-- Requirement --
Copying rule for the data below: pictures stay out, and only the lines from the one with "Yamauba and Kintaro, ca." down to the one with "患者，男性，34岁，公司经理", inclusive, are repeated exactly.

═══ Provided data

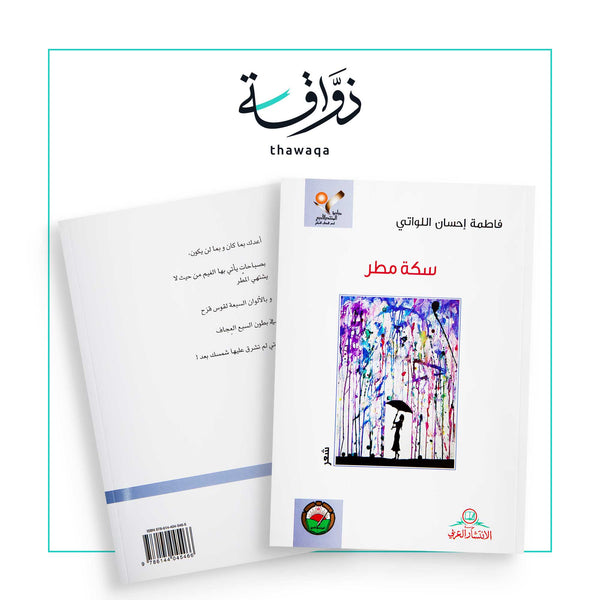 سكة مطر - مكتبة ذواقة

══════
═══ Provided data

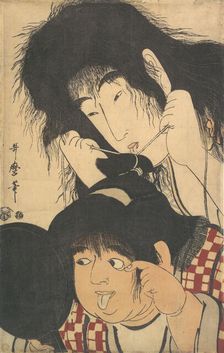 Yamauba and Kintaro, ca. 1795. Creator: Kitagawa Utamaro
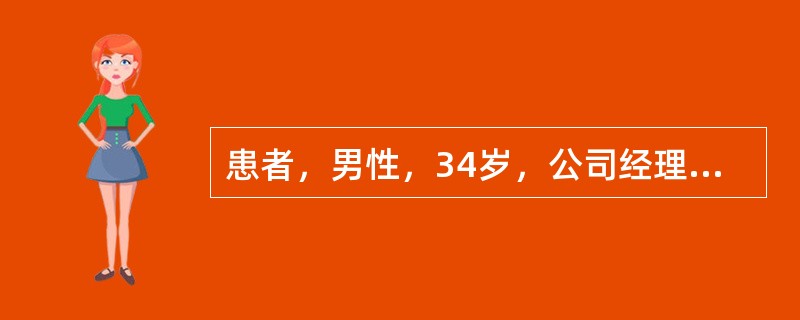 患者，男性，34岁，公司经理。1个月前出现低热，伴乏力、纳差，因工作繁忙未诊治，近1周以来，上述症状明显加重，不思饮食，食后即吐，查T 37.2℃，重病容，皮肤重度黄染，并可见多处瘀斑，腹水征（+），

══════
═══ Provided data

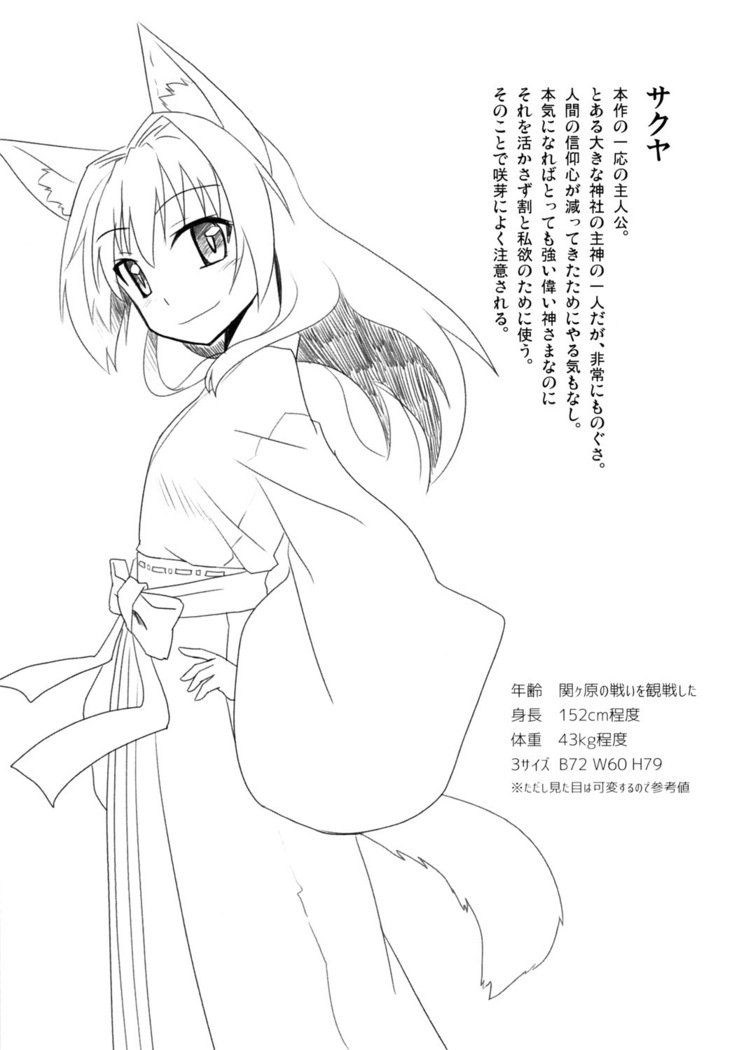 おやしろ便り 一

══════

-- Expected answer --
 Yamauba and Kintaro, ca. 1795. Creator: Kitagawa Utamaro
 患者，男性，34岁，公司经理。1个月前出现低热，伴乏力、纳差，因工作繁忙未诊治，近1周以来，上述症状明显加重，不思饮食，食后即吐，查T 37.2℃，重病容，皮肤重度黄染，并可见多处瘀斑，腹水征（+），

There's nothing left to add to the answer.